The United Nations has voiced its fears that the current increase in global tensions as well as the rise of heightened cyber warfare may lead the world into a nuclear disaster, the organization warned this in a recently released report.

Report Findings

A recent comprehensive report written by The United Nations Institute for Disarmament Research (UNIDIR) has painted quite the pessimistic picture regarding the ongoing threats that the current world is facing.

“The lack of nuclear weapons use since Hiroshima and Nagasaki cannot on its own be interpreted as evidence that the likelihood of a detonation event is minimal,” warned the report.

“While detonations have not occurred in such circumstances, the Cold War was replete with incidences of near-misses, false alarms, and accidents in and around nuclear weapons, even when we draw only from the limited information made available by nuclear-armed States.”

The threat was increased by growing automation in control and command weapon systems worldwide.

“Nuclear deterrence works—up until the time it will prove not to work,” the report goes on to mention.

“The risk is inherent and, when luck runs out, the results will be catastrophic.”


Reliance on these automated systems has significantly increased, leading to confident in the safety of the systems being misplaced, added the report.

“The substantial levels of investment in nuclear weapons and nuclear weapons systems and their modernization have enhanced rather than decreased the likelihood of an intentional or inadvertent detonation event,” it read.

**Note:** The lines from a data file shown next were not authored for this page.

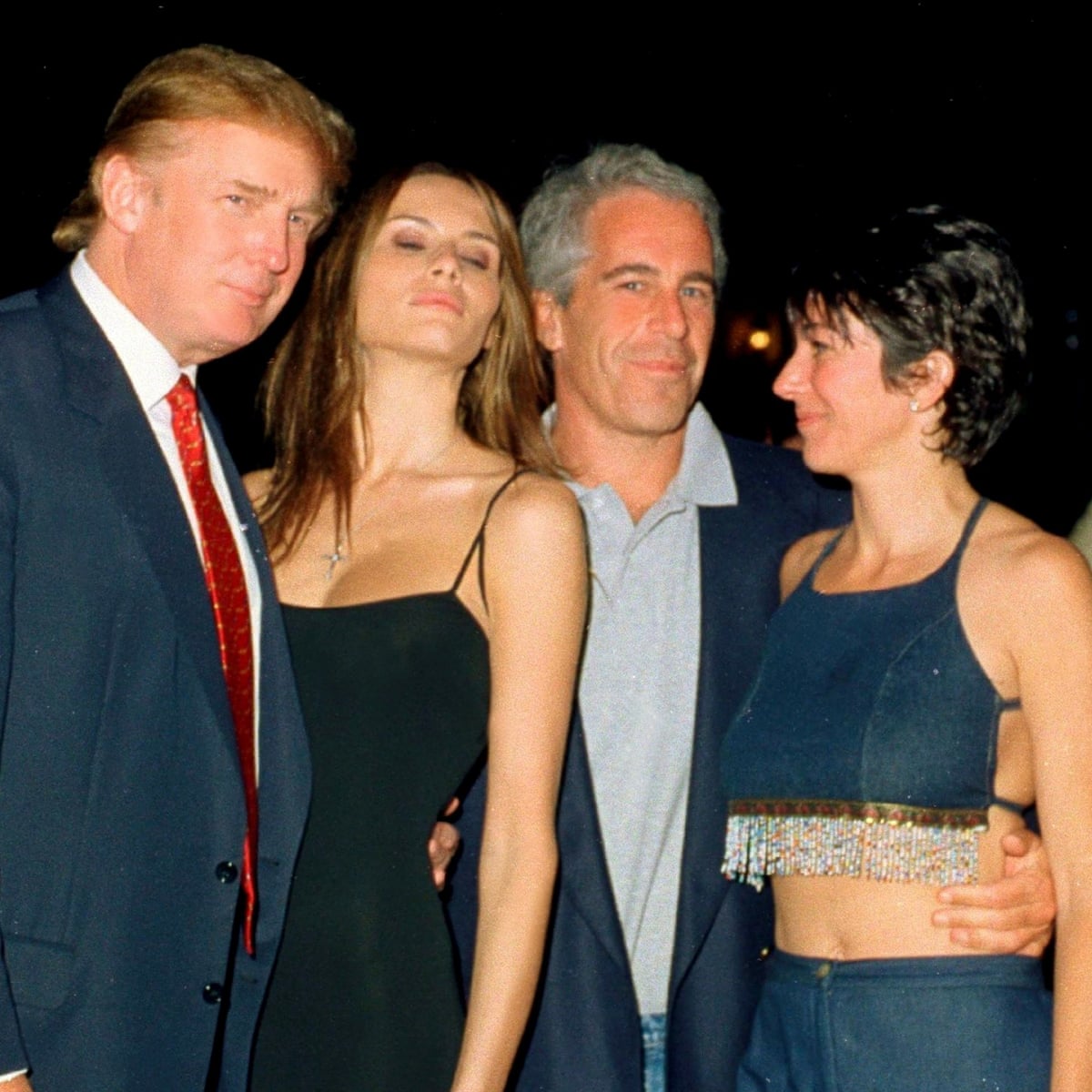 Who were the rich and powerful people in Jeffrey Epstein's circle ...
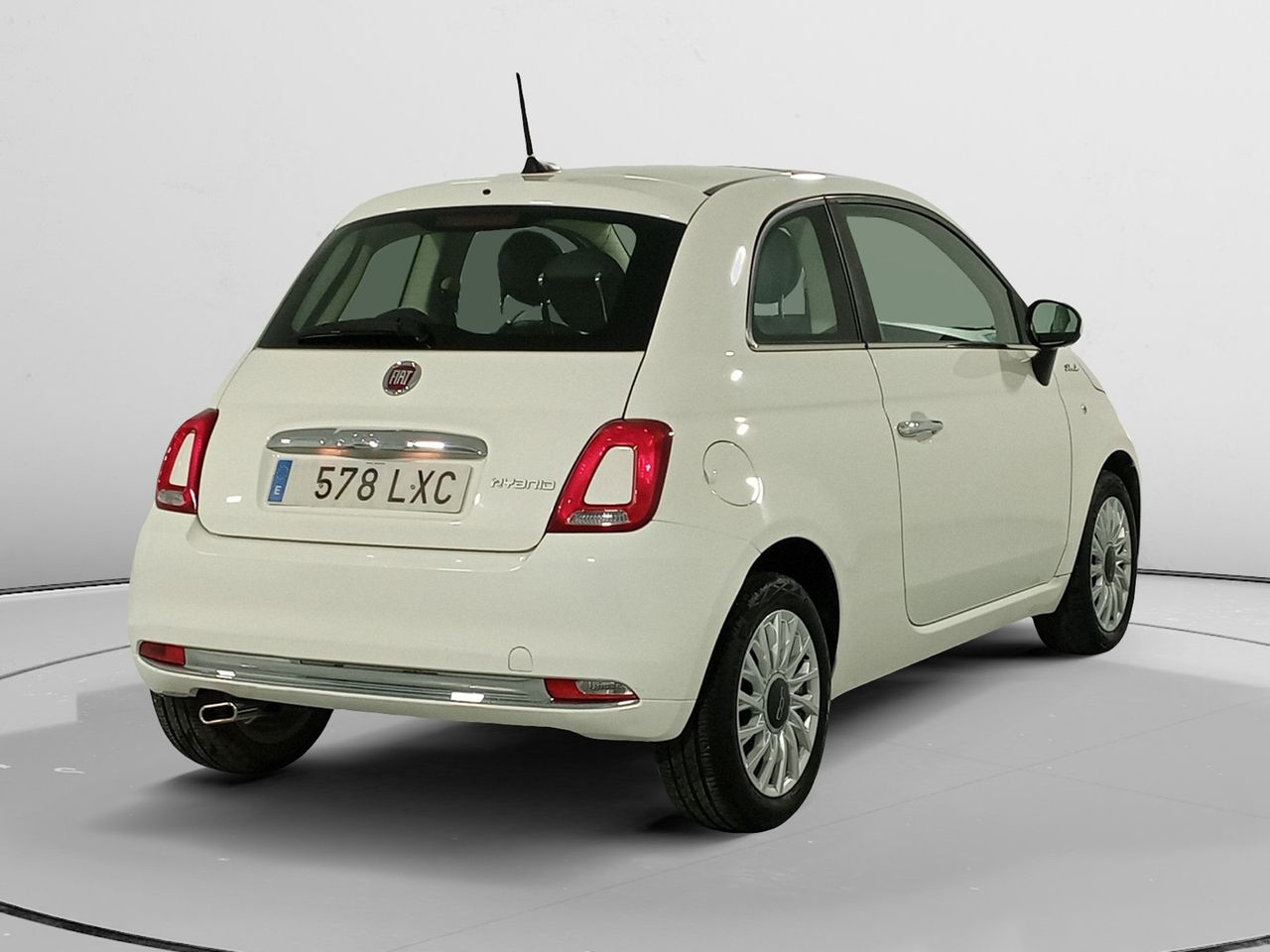 Fiat 500 Dolce Vita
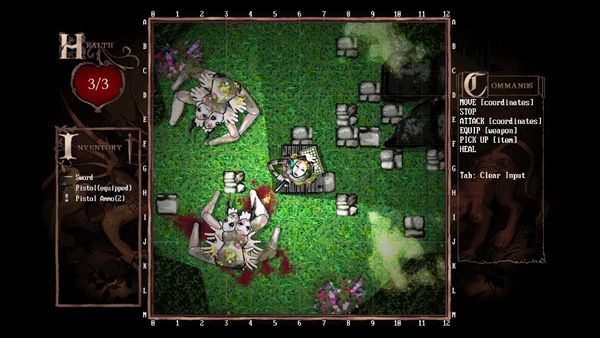 This dark fantasy typing game is unlike anything I've ever played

Nations all over the world are encouraged to reveal information regarding their already existing stockpiles of nuclear material in order to prevent any sort of misidentification as well as avoid risking a potential retaliatory attack.

They are being advised also to abandon any plans of developing new nuclear systems for delivery and proceed to work towards easing tension throughout the ‘international security landscape’.